More companies are running A/B tests, conducting usability studies, and engaging customers in discovery interviews than ever before.
We are investing in tools like Optimizely, Visual Website Optimizer, UserTesting.com, KissMetrics, MixPanel, and Qualaroo.
But teams who invest in research are quickly finding that their experiments are only as good as their hypotheses and experiment design.
It’s a classic case of garbage in, garbage out.
You can waste thousands of dollars, hundreds of hours, and countless sprints running experiments that don’t matter. That don’t net any meaningful results.

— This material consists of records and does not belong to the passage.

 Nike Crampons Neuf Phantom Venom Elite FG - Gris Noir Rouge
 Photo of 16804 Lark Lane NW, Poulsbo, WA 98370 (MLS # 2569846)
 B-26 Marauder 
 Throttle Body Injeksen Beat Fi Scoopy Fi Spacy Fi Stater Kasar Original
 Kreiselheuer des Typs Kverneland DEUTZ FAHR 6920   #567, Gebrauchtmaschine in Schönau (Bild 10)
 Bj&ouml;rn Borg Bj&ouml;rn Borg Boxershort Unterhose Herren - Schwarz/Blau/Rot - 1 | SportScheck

Experimentation is like Agile. It’s a tool in our toolbox, but we still need to do the strategic work to get value out of it.

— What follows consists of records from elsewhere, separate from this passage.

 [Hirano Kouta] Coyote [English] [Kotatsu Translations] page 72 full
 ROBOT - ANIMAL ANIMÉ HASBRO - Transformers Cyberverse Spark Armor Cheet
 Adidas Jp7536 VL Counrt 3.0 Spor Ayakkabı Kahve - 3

Agile will help us move through a backlog quicker, but it won’t help us put the right stories in the backlog. – Tweet This
Experimentation will help us support or refute a hypothesis, but we have to do the work to design a good hypothesis and a good experiment.

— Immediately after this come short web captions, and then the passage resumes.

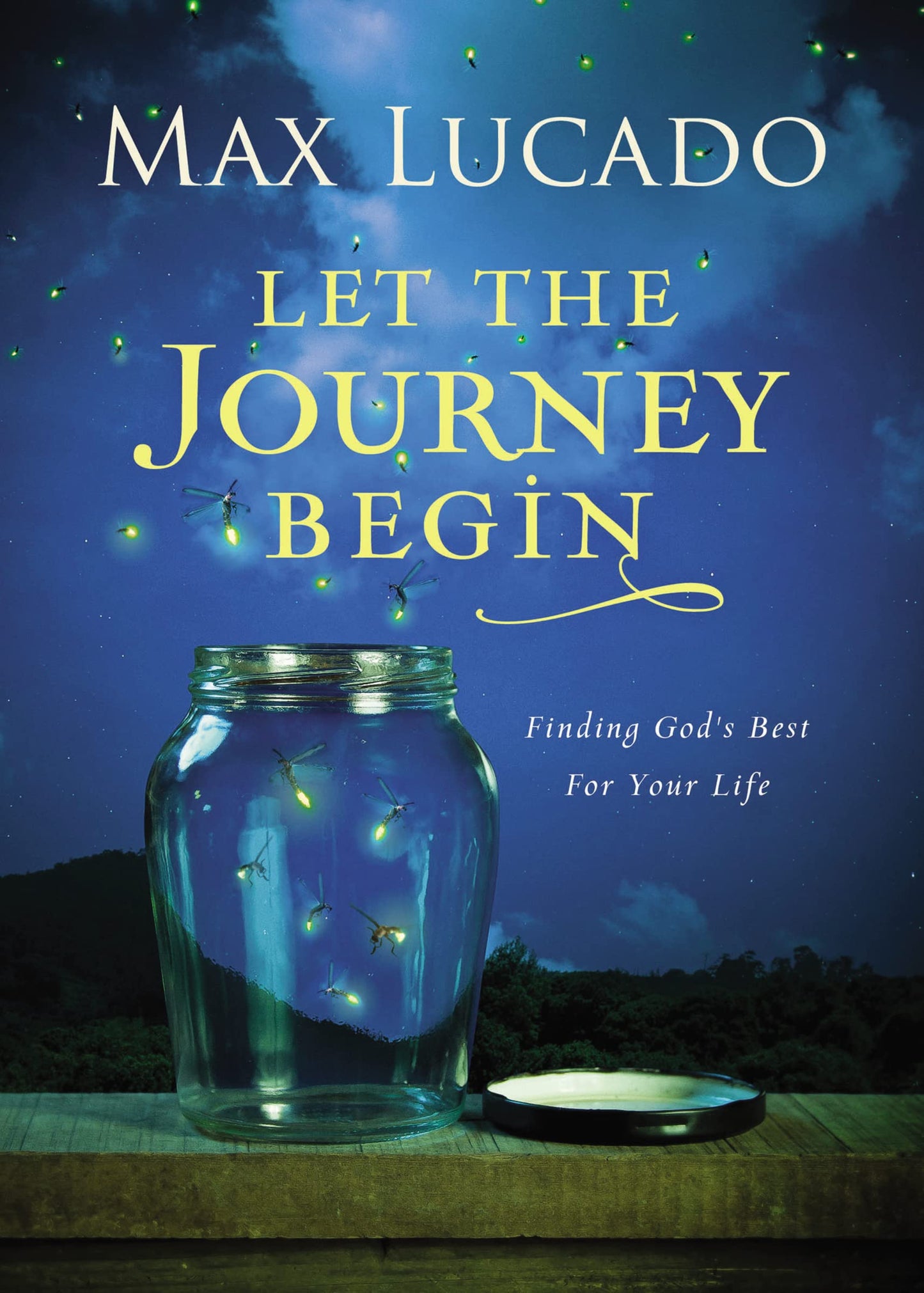 Let the Journey Begin: Finding God's Best for Your Life – The Perfect Christian Graduation Gift to Celebrate Your Grad The Happy Book Stack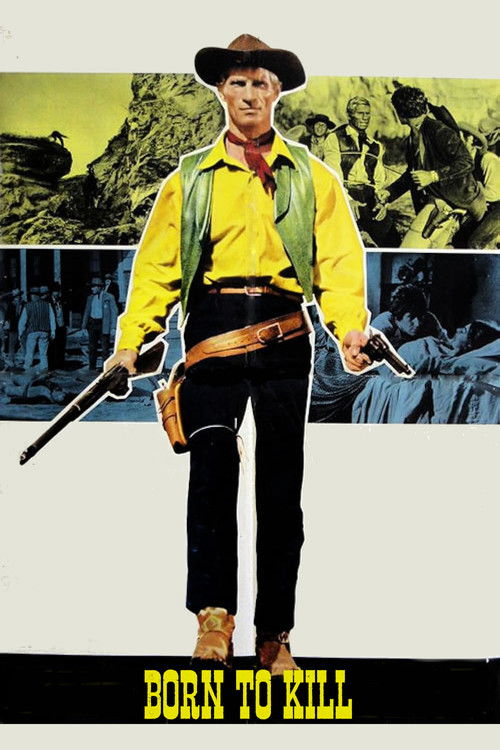 Born to Kill (1967) poster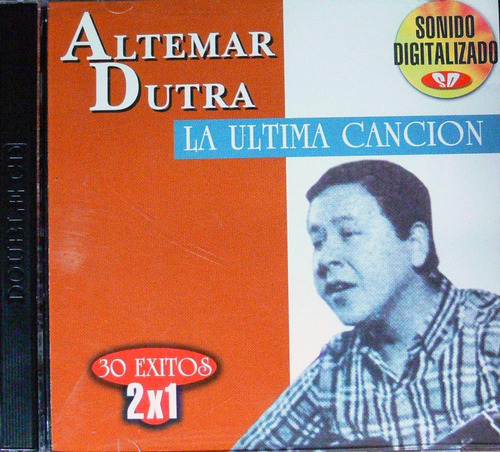 Altemar Dutra - La Última Canción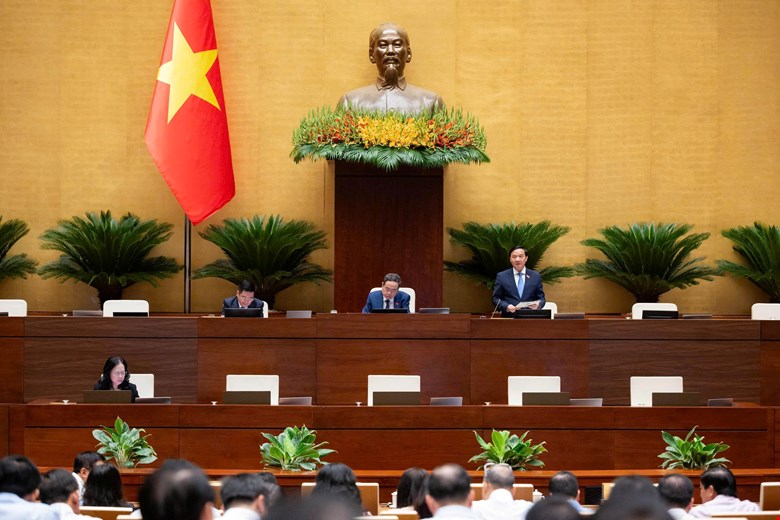 họp quốc hội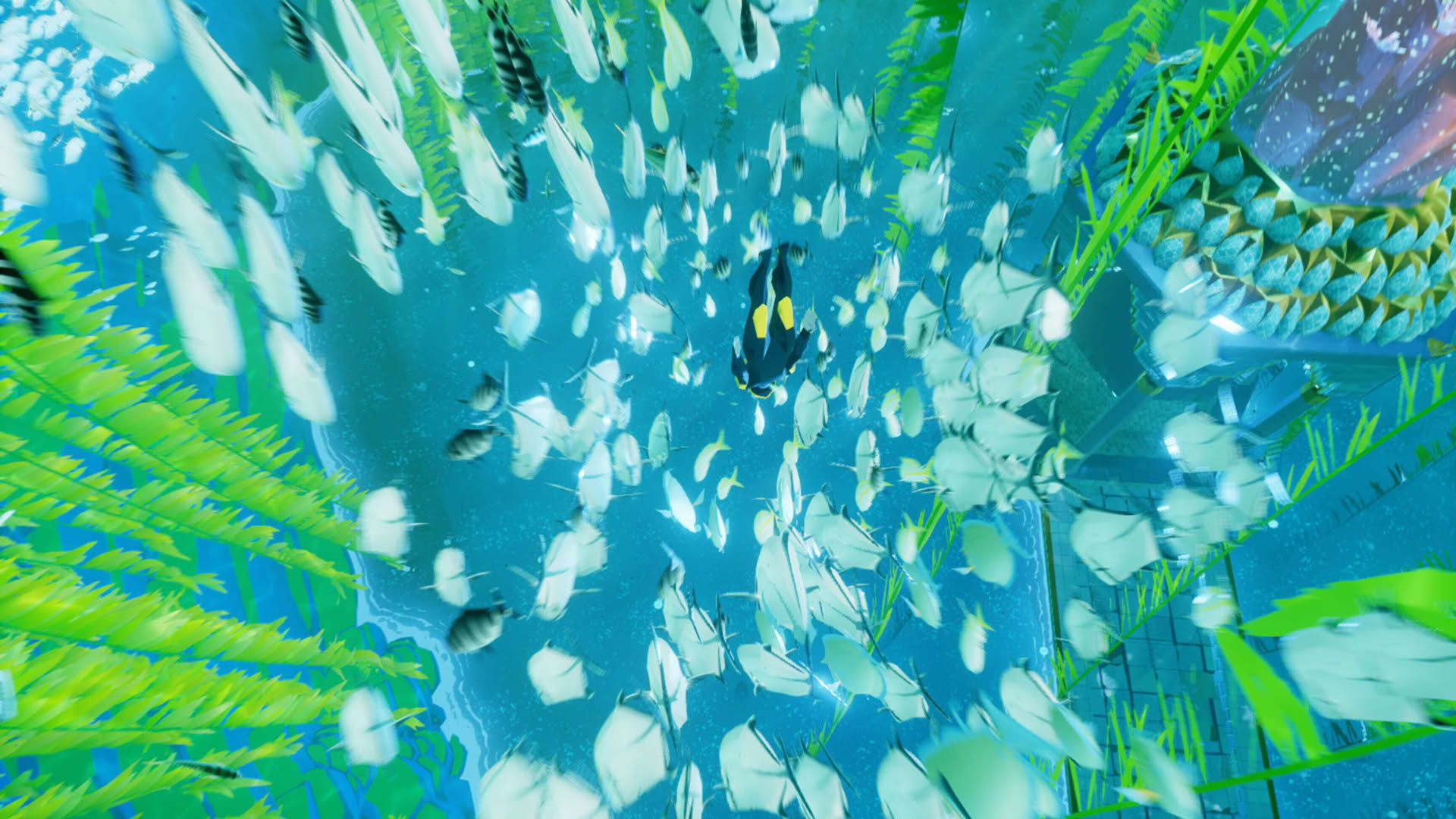 Screenshot for Abzu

Avoid These 14 Common Pitfalls
You don’t have to be a rocket scientist to know how to formulate a good hypothesis or design a good experiment, but you do want to avoid these common mistakes.
1. Not knowing what you want to learn.
Too many teams test anything and everything. See: Why Testing Everything Doesn’t Work.
If you want to get meaningful results, you need to be clear about what you are trying to learn and design your experiment to learn just that.
In the product world, we can experiment at different levels of analysis.
We can test our value propositions.
We can test whether or not a feature delivers on a specific value proposition.
We can test a variety of designs for each feature.
And we can test the feasibility of each solution.
Too often people test all of these layers at once. This makes it hard to know which layer is working and which is not and often leads to faulty conclusions.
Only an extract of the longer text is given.